Nathalie Heiberg-Harrison
Northern News Services
Published Monday, February 27, 2012

NORTHWEST TERRITORIES
The GNWT has no plans to create a territorial long-gun registry once the federal government's program is abolished, according to the minister of Justice.

"When it comes to safety of our residents, we want to focus on the root causes of crime," said Minister Glen Abernethy. "We've been opposed to the registry since its very inception."

Bill C-19, the act to end the long-gun registry, passed its third reading in the House of Commons on Feb. 15. It will now be debated in the Senate and is expected to receive royal assent, after which all information from the database will be destroyed.

In a statement presented to the House of Commons on Feb. 7, Western Arctic MP Dennis Bevington suggested local, aboriginal and territorial governments should decide whether they want to create their own registries.

Abernethy was adamant that would not happen in the NWT.

"The main reason the Government of the Northwest Territories is opposed to the long-gun registry is the vast majority of people in the Northwest Territories from the small communities who are hunters rely on these weapons for subsistence," he said. "It didn't seem to make any sense for the people of the Northwest Territories."

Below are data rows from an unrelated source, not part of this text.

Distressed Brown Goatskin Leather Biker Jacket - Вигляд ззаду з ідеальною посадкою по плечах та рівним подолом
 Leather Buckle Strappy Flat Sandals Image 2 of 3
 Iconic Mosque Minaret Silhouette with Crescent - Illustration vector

Abernethy said there will still be requirements to have a gun licence, and that the government would focus its efforts on crime prevention and rehabilitation.

Residents have to take personal responsibility for their weapons and know how to safely operate and store them, he said.

Barry Taylor, president of the Yellowknife Shooting Club, said he is "100 per cent" against any sort of new registry being established in the NWT, and agreed the money would be better spent on gun safety education.

Taylor said as it stands a 12-year-old can own a gun and go hunting with no training or supervision.

"I don't want to be in the bush anywhere near him," he said. "We need firearms training and safety education. It's the one thing all of us have no problem with."

Taylor said people with real gun expertise should be visiting schools to educate students, and that gun-licencing courses should be more comprehensive and involve hands-on training.